Por um lado traz-nos uma reflexão filosófica
sobre a existência de Deus: um dos argumentos tradicionalmente usados por quem
pensa a existência de um Deus omnipotente e sumamente bom é precisamente a
existência do mal natural, ou seja, se Deus existe, pode tudo e é bom, como
pode permitir a existência de catástrofes naturais que dizimam milhares de
inocentes? O terramoto de 1755 é a desculpa ideal para refletir sobre esta
questão. Afinal de contas, houve igrejas importantes completamente destruídas
juntamente com quem lá rezava no momento.
Por outro lado o álbum faz um excelente
trabalho na transmissão do que seria o espírito da época. Em 1755 vemos os
argumentos usados para justificar o Desastre, vemos o sentimento de raiva e
impotência perante o sucedido, vemos a demonstração da força da natureza, e até
vemos a força e a luz ao fundo do túnel associados à reconstrução da cidade.
1755, Moonspell, Cd cover
Olhando para algumas
músicas do álbum e para a cidade em 1755 (opinião e interpretação livres, claro):
Em nome do Medo
O clima vivido é de
Medo. Se antes do terramoto se vivia um medo intenso da Inquisição e dos autos
de fé constantes por toda a cidade, após o terramoto vivia-se diariamente com o
pavor de que a desgraça se repetisse (fizeram-se sentir mais de 250 réplicas
nos 5 ou 6 meses seguintes). O medo ainda é aumentado pelas forças anti-saque
criadas pelo Marquês de Pombal: um juiz, um padre e um carrasco patrulhavam as
ruas. Quem fosse apanhado a roubar tinha como destino a forca!
1755
Uma música que nos
devolve o sentimento de impotência sentido perante a força avassaladora da
natureza, esta força que "não, não deixará pedra sobre pedra, não, não
deixará ninguém sobre a terra".
In tremor Dei
"Lisboa em
chamas caída, tremendo sem Deus"
Numa simples frase, temos sintetizado o sentimento do
abandono divino vivido pela generalidade da população lisboeta.
Desastre
"és apenas um
homem, um escravo de Deus, autor do desastre que aconteceu - culpado".

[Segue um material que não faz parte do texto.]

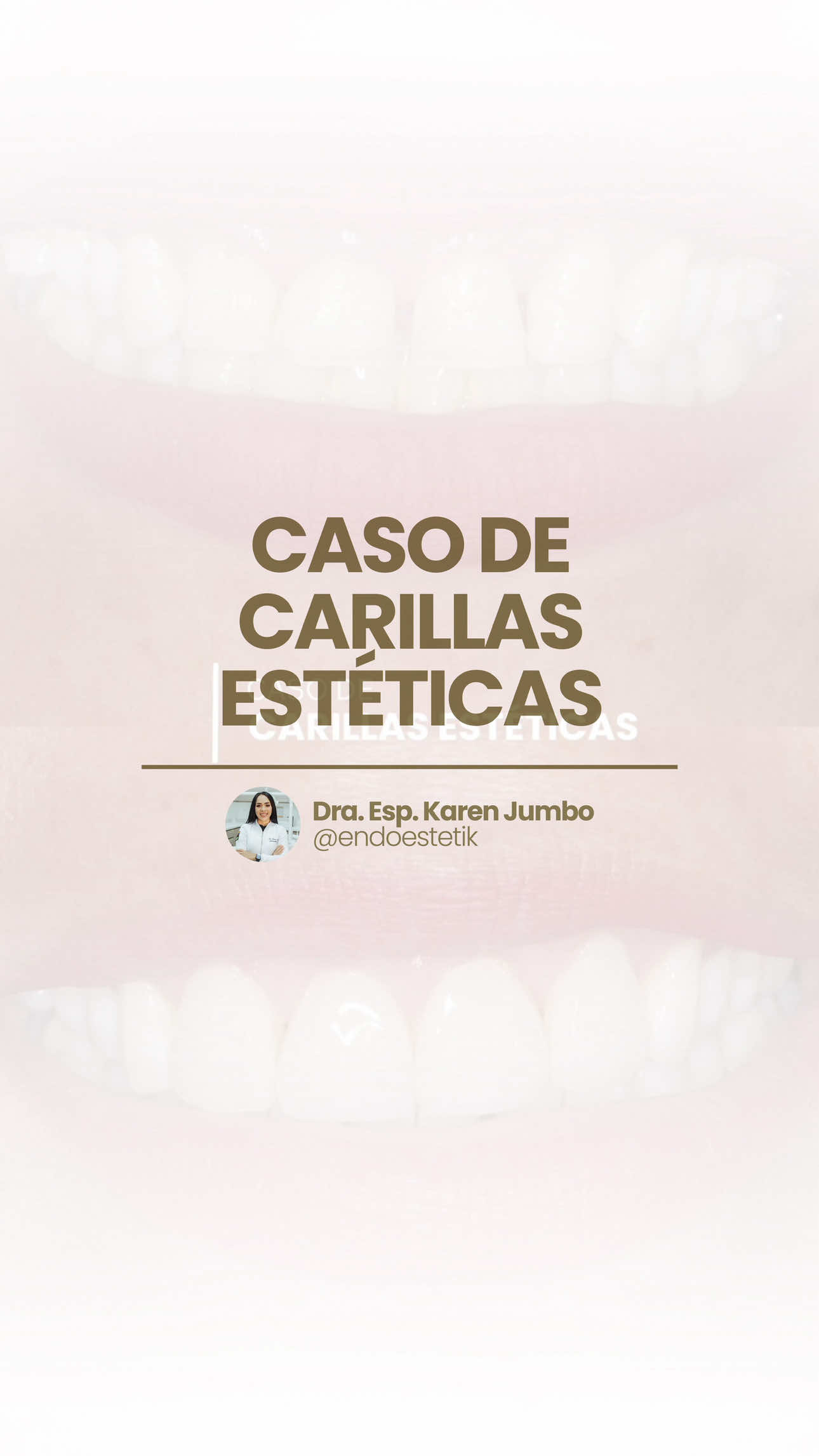 @endoestetik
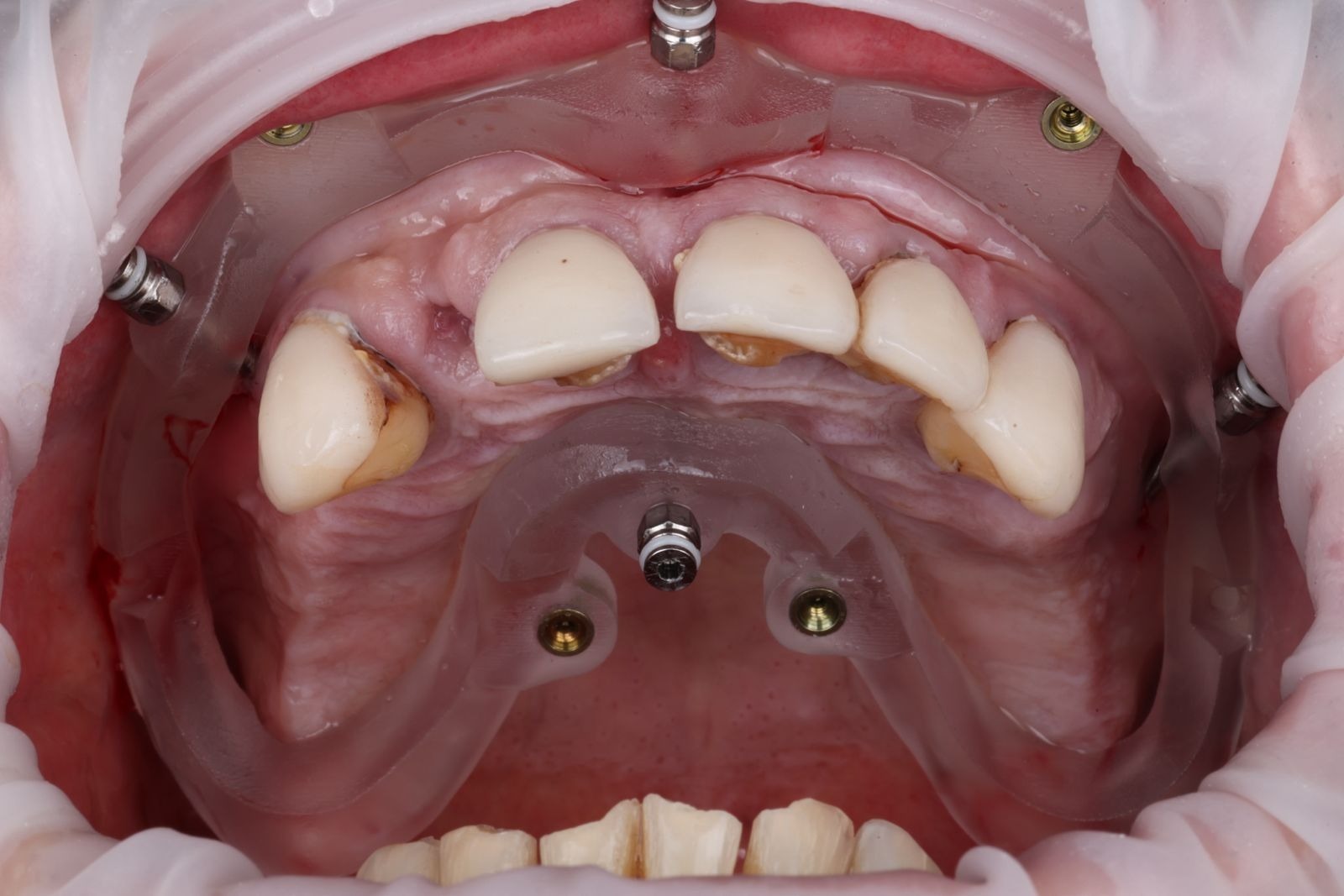 Milled dental restorations on a lab rack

Após o terramoto, houve obviamente um aproveitamento religioso e político. Uma
das causas apontadas para o facto de ter havido um terramoto era este ter sido
um castigo divino por não terem contribuído devidamente para os cofres
religiosos... Se não passassem a contribuir, Deus poderia voltar a castigar!...
E eis que temos o Medo de volta!
Aqui, no entanto, tenho dúvidas quanto ao sujeito da frase. Também podemos ler que o autor do desastre é Deus e tu és apenas um homem, um escravo que nada pode contra a Sua vontade...
Aqui, no entanto, tenho dúvidas quanto ao sujeito da frase. Também podemos ler que o autor do desastre é Deus e tu és apenas um homem, um escravo que nada pode contra a Sua vontade...
Evento
"a fé não serve
de nada, que é feito do Deus que nos amava?"
"a fé não
serve, não serve de nada. Onde está Ele, que por nós olhava?"
"sossega-te, é
o fim. E fica quieto porque Deus assim quis"
A letra fala por si.
Como pode Deus existir e deixar que os seus fieis morram soterrados nos
escombros de uma igreja? A resposta: Deus assim quis! Agora sossega.
1 de novembro
"nasce a nova
Lisboa no 1º de novembro"
Na verdade o
terramoto representou uma oportunidade para refazer a cidade. Aqui entrou o
planeamento do Marquês de Pombal. Felizmente esta reconstrução fez-se também de
ideias e Portugal começou a preparar-se para as ideias iluministas [será que elas chegaram mesmo cá?].
Ruinas
"(...) não
temas a cinza no ar, os escombros da terra, o fogo que inunda, a água que
queima, a cinza no ar (...)"
Todos os santos
"Apesar da
matança dos corpos caídos que decoram as colinas faz dia em Portugal"
A nota positiva de
que é hora de voltar levantar a cidade e o país.
"Todos os
santos não chegaram"
Uma desgraça que
chega no dia de todos os santos e que nem todos os santos juntos foram
suficientes para evitar... E apesar disso, fará dia em
Portugal!
A ajudar a tudo isto, a banda preparou uma série de 3 concertos de apresentação do álbum com todo o rigor e a dramatização que o tema merece.
Parabéns aos Moonspell!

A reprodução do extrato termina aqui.